Plus: Miss Cleo's credibility called into question!!
"edited" by AL SOUTH
sub-edited by ROGER ARGENT
M
This is just to let all the people in Montreal know that DJ Rock is not Canada's best club DJ as his CD says. I don't know what this fucker thinks he's doing by putting out a CD saying he's Canada's best DJ when he doesn't even fucking play at a club. He plays at Le Skratch, a pool hall on the South Shore. That guy can just suck my left nut if he thinks he's the best DJ. That's all. Peace.
[BLEEP!]
F
Yeah, here's my rant on music, okay? Today's mainstream artists are no-talent, non-cultured freaks of society who have taken advantage of the FREE WORLD by acting like slaves to corporations. Most of all the people on the radio and TV, with all the dough, have no values or solid convictions in society and this reflects in their music. When you have a performer like Jay-Z or Snoop who promotes the abuse of alcohol and drugs and treating women like ho's, it almost makes it okay to call a black man "nigger"--even if he is a doctor. These people have sold their own people out for the mighty buck. I believe in just having a great old time, but at whose expense? I, for one, do not support any performer who does not want to have change in society.
[BLEEP!]
M
Yeah, I'm just wondering where all these so-called psychics were prior to the attack on the World Trade Center--people like Miss Cleo. If these people are so good then why didn't they foresee this happening? I'm sure someone in New York or Washington or Pennsylvania must have gone to a psychic because there are so goddamned many of them. Why wasn't anybody warned that there was a tragedy coming? You know why? Because all these psychics are full of shit. Thank you.
[BLEEP!]
F
Why is 36C considered fake? I mean, if you really think about it, 36Cs aren't all that big--well, they're not as big as I would like them to be anyway. I'm 19 and I have 36Cs and, to me, they're not all that big. So why do people automatically assume that 36Cs are fake? Could somebody please explain this to me and tell me why 36C is a great size to have? Bye.
[BLEEP!]
M
This is in response to our Western brother who finds Montrealers to be a little too dirty for his liking. I find it odd that he's lived in four different places, has the nerve to stick around and throw his fucking BEEF in the face of us DIRTY-LIVING HIPSTERS. I think it has a little bit more to do with the fact that landlords don't clean before you move in. It has little to do with the people who neglected to clean behind the fridge before they moved to their next apartment.
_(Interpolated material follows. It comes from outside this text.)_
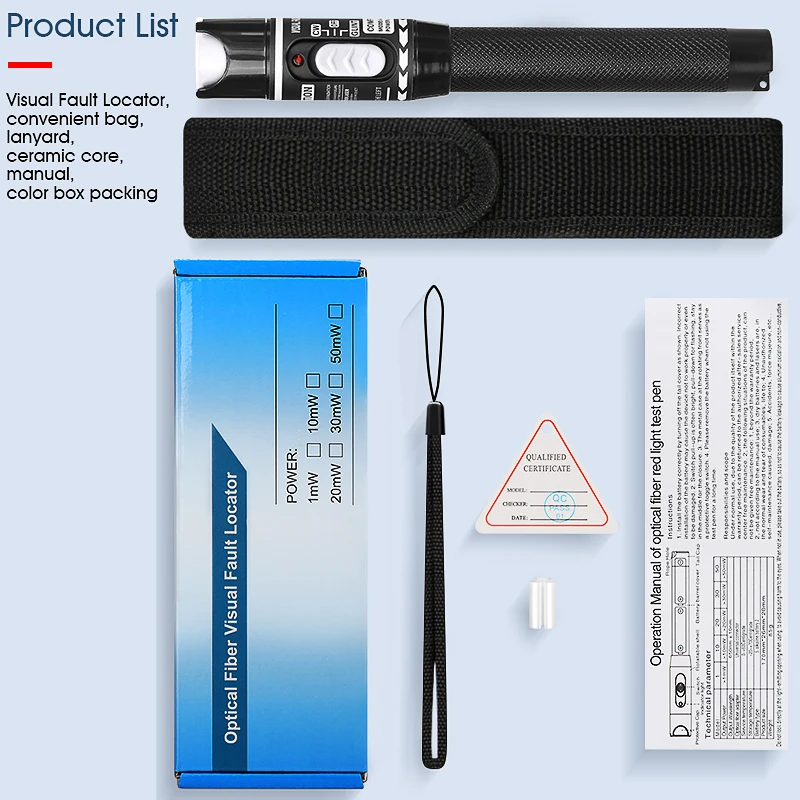 COMPTYCO 30MW Visual Fault Locator Optical Cable Tester FTTH Fiber Optic Tester Pen Type Red optical fiberLight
So why don't you get your skanky ass back to Hastings Street, back to your delusional fantasies that the rooms you're sitting in are clean and leave us Montreal hipsters to our own rants. Okay. Bye.
[BLEEP!]
M
Yeah, I've got some beef with the cleanliness freak from Saskatoon who's complaining about dirty fridges. She's gotta realize that it's on a level of relativity because, if you look at the small details, everything is dirty and there's dust all over the place. She needs to clean up her act before she cleans up her apartment.
[BLEEP!]
F
Yeah, so it's time to vote in this election and I'm wondering, does anybody know how we're supposed to find out anything about these candidates? I'm 20 years old, it's my first time voting and I really don't understand how I'm supposed to pick a CANDIDATE. Am I supposed to pick a face that I like on those posters? Could someone help me?
[BLEEP!]
F
This is for the girl who wants advice on how to stop biting her nails. I used to bite my nails when I was a kid, like, to no end and I finally figured out how to stop. My family doctor told me to use nail polish. Pick a favourite nail polish--if you like clear nail polish, go for it--and you'll look at your nails differently, you'll go, "Ooh, they're pretty, they're nice, I don't want to bite them and screw them up." Anyway, it worked for me.
[BLEEP!]
M
This is for the person who wants to stop biting her nails. I don't know how good this advice is, but I know that I stopped biting my nails when I got BRACES, so if she's planning on getting braces then that would be an idea. It's pretty hard to bite your nails when you have braces. I cut my nails now. For what it's worth.
[BLEEP!]
M
This is for the chick who wants some advice on how to stop biting her nails. Basically, what you should do is stick your fingers up your butt, that should pretty much do the trick. If you still bite your nails after that, you'll probably puke.
[BLEEP!]
F
Does anyone know where I can find people in Montreal who like to play strip poker every once in awhile? It doesn't have to be poker, but just some kind of stripping game, you know, something fun. Not just about sex, just stripping. Well, sex is good too. But everyone should probably know, I play to win.